In the context of Hong Kong culture, Durbin notes, youngsters with less academic aspirations sometimes have self-esteem issues. “They are more immune to the culture in international schools but it still lingers a bit,” he says. “It is not so much in the teachers as in the families, the students themselves.”

In late September, the foundation held its first Asia-Pacific Applied Learning Conference at the campuses of West Island School and South Island School, showcasing to teachers from across the region its achievement in creating alternative pathways for students. Held concurrently was an education fair on further study opportunities in applied subjects that 70 universities and colleges took part in. Twelve accomplished figures from different fields, including a chef, a marketing director, a civil engineer and a fashion designer, shared insights about their career paths with students at talks and workshops. There was also a professional development day for BTEC teachers from Hong Kong, China and other countries including Taiwan, Myanmar, Malaysia, and Thailand. In September, ESF private independent school Renaissance College (RCHK) in Discovery Bay launched Hong Kong’s first
International Baccalaureate Careerrelated Programme in partnership with SCAD Hong Kong. On the twoyear programme, students can take up to six SCAD courses, which make up about one-third of the total. Talks, lectures, career pathway discussions and other events held by SCAD Hong Kong at its campus are also open to students taking the programme.

Among the five ESF secondary schools, business studies is a core applied subject. “We are trying to prepare students for thinking about business and enterprise. The philosophy is business and ‘something’ - business and art; sport and business etc. What is the point of doing business, if you don’t have something to do it with and about?” says Durbin, adding that creativity, enterprise and ethics form the basis of the study framework.

Whatever their area of speciality, students on applied programmes are expected to do work-based learning and projects. Assessment is based far more on portfolios than on pen and paper examinations. As well as exposing them to the world of work, the aim is to help all students learn happily, and be energised by doing what they are passionate about.

 “We know from studies on wellbeing amongst young people that different things can make them demotivated, even depressed,” says Durbin. “If students don’t have a good time in school, and they don’t do appropriate things that progress to where they are going to, their motivation goes down, their grades go down. What we are doing is saying to the 16-year-olds: ‘Here is a range of things you can do and here is the route to do it. Meanwhile, we will make sure you have a portfolio of experience and assessment that looks really good, to get you accepted by universities or colleges’.”

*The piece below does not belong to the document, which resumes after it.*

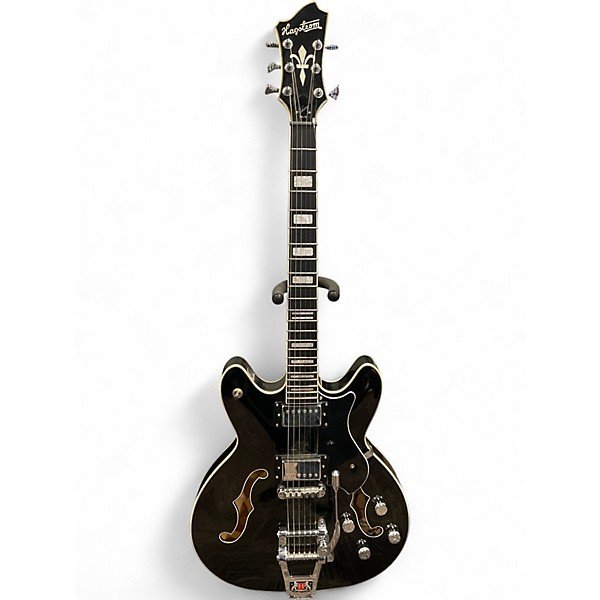 Used Hagstrom Tremar Viking Deluxe Black Hollow Body Electric Guitar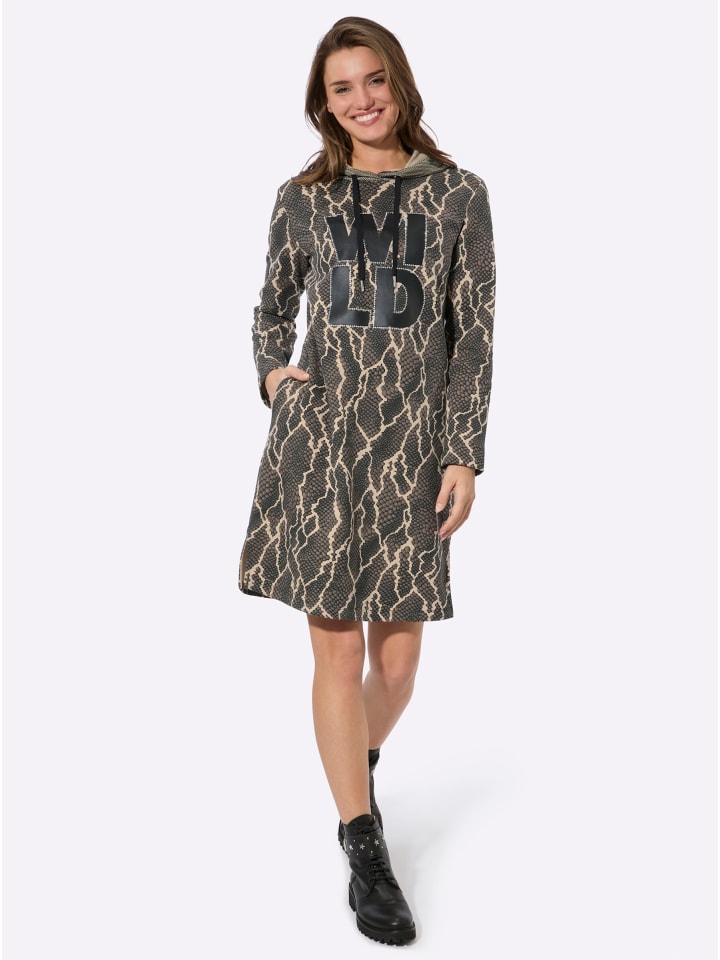 Druck-Kleid in schwarz-taupe-bedruckt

There is no shortage of interest in fast-growing practical fields. Alex Llewellyn, a Year 12 student at South Island School, and Michelle Leung, a Year 13 student at Island School, were among ESF students who joined a tour of Hotel Icon, PolyU School of Hotel and Tourism Management’s teaching hotel, which coincided with the conference. Both are interested in joining the hospitality field. “It is amazing to see students running a hotel here,” says Alex, who is also considering studying aviation. “I am planning to study in UK but may come back to work afterwards.” Michelle is drawn to studying hotel management in Switzerland. “Hong Kong is my second choice,” she says. “It seems interesting that you get to work in different departments in a hotel. My cousin did a hospitality course in Australia and she liked it. She showed me pictures of her working in a restaurant as an intern. That’s so cool.”